Building a Python Interpreter in C: How nuPython Works Under the Hood

GitHub Repo →

What does it actually mean to “run” a Python program? Not the abstract answer — the mechanical one. CPython, the reference implementation, is a C program. So is nuPython, a minimal Python interpreter I built from scratch. The difference is scale and completeness. The fundamentals are identical.

The entire interpreter is orchestrated in four lines:

struct TokenQueue* tokens = parser_parse(input);
struct STMT*       program = programgraph_build(tokens);
struct RAM*        memory  = ram_init();
execute(program, memory);

Scan characters into tokens. Build a graph from those tokens. Allocate memory. Execute the graph against that memory. Then destroy everything in reverse. Every language runtime — CPython, V8, the JVM — follows this same pipeline. What nuPython makes explicit is what each stage actually is in memory: a struct, a linked list, a union, a heap-allocated array.

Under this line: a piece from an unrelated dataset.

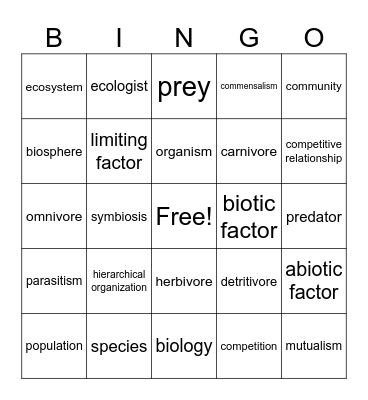 Chapter 8 Vocab Bingo Card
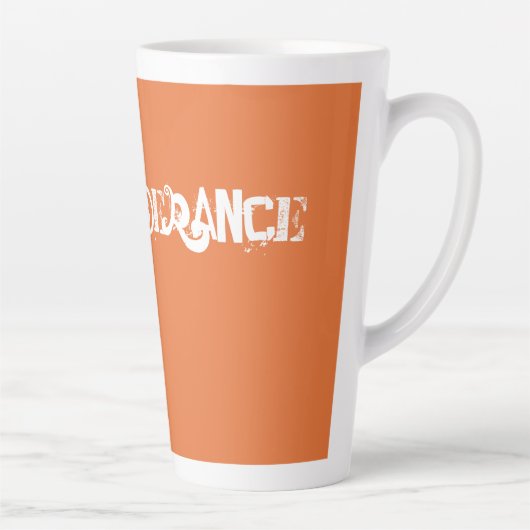 Modern Exuberance Oranje Bold Graffiti Typografie Latte Mok (Rechts)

Stage 1: Characters to Tokens

The scanner reads a raw stream of bytes. Its job is to recognize that while is not five characters — it’s nuPy_KEYW_WHILE. This is called tokenization. A token is the smallest unit of meaning in a language: a keyword, a literal, an operator, a name.

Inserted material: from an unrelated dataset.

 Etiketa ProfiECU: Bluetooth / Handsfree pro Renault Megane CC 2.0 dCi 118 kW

Every token is represented by this struct:

struct Token {
  int id;    // which token (nuPy_KEYW_WHILE, nuPy_INT_LITERAL, etc.)
  int line;  // source line (1-based)
  int col;   // source column (1-based)
};

Three integers. Twelve bytes. The id encodes what the token is — one of 81 distinct types ranging from nuPy_PLUS to nuPy_KEYW_PASS. The line and col fields encode where it appeared. These survive all the way to runtime: when the interpreter prints **SEMANTIC ERROR: name 'x' is not defined (line 7), that 7 is token.line.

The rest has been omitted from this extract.